(April 11, 2019 at 2:13 pm)Jehanne Wrote:(April 11, 2019 at 11:24 am)polymath257 Wrote: Hmmm....there can be no actual proof of the existence of an infinite set because the collection of hereditarily finite sets is a perfectly good model of set theory without the axiom of infinity. That shows the internal consistency of the axioms. Again, in the finitist system, the *collection* of rational numbers isn't something that can be constructed. All that can be done is saying whether particular constructs are rational numbers or not.
The point is that finitistic math has very strict rules for set formation and those rules do NOT allow talking about any infinite sets.
Now, this is not to say that allowing infinite sets isn't better in many ways. It gives wonderful insights into a large variety of phenomena. It makes many arguments much easier and produces results that finitistic reasoning cannot, even results concerning finite sets.
Here's a proof by John Hopcroft, Jeffrey Ullman and Rajeev Motwani in their Introduction to Automata Theory, Languages, and Computation Edition 3 textbook, page 9:
![[Image: aziaom.jpg]](https://images.weserv.nl/?url=i65.tinypic.com%2Faziaom.jpg)

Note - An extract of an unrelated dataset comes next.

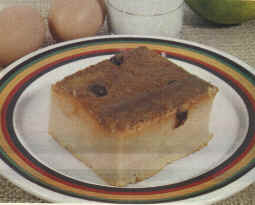 Torta de pan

Sorry, but it doesn't prove what you claimed. This proposition says that if S is finite and U is infinite, then T=U-S,
the complement of S in U, is infinite.
This does NOT prove the existence of an infinite set. It shows that *if* there is an inifnite set U, then there are other
infinite sets (U-S where S is finite).
Now, show how to get that set U from finitist principles.